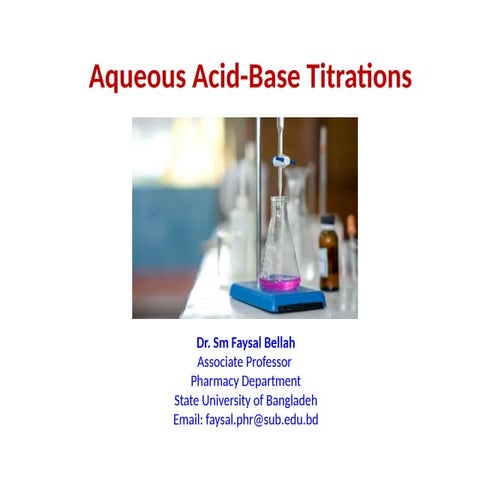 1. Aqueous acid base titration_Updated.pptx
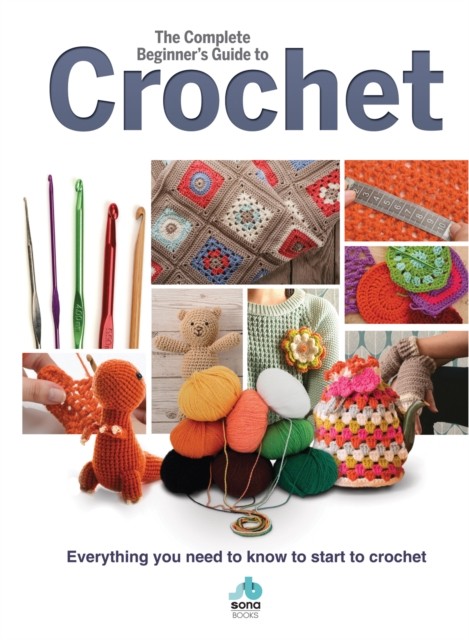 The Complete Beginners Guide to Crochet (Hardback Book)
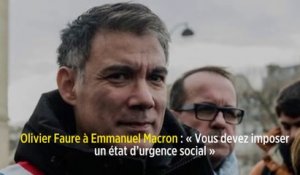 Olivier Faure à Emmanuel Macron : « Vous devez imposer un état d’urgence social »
---
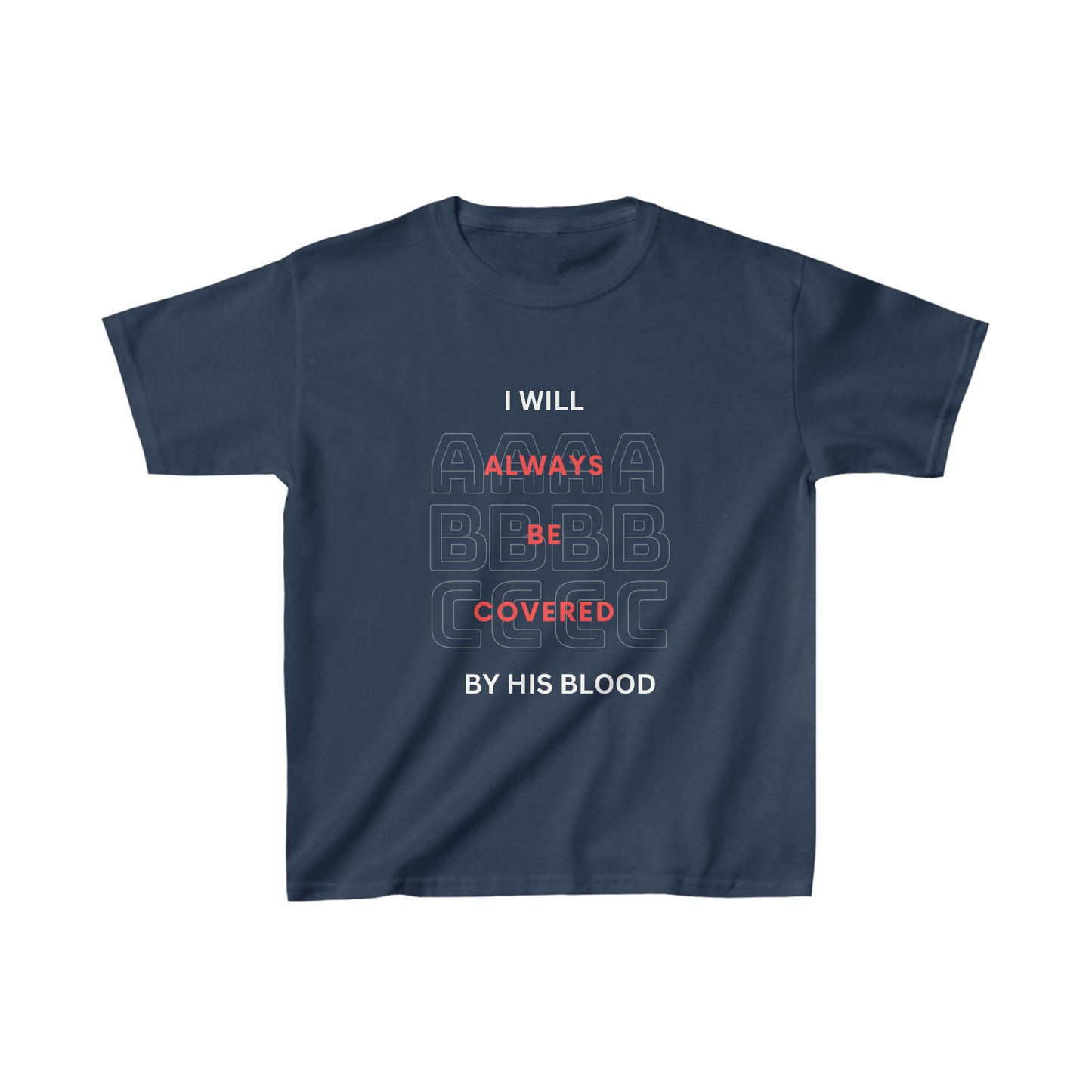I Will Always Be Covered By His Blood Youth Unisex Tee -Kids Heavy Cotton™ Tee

How to complete this task: From the line with "1. Aqueous acid base titration_Updated.pptx" up to and including the line with "devez imposer un" above, retype every line exactly and nothing more; leave out the pictures.

Answer:
 1. Aqueous acid base titration_Updated.pptx
 The Complete Beginners Guide to Crochet (Hardback Book)
 Olivier Faure à Emmanuel Macron : « Vous devez imposer un état d’urgence social »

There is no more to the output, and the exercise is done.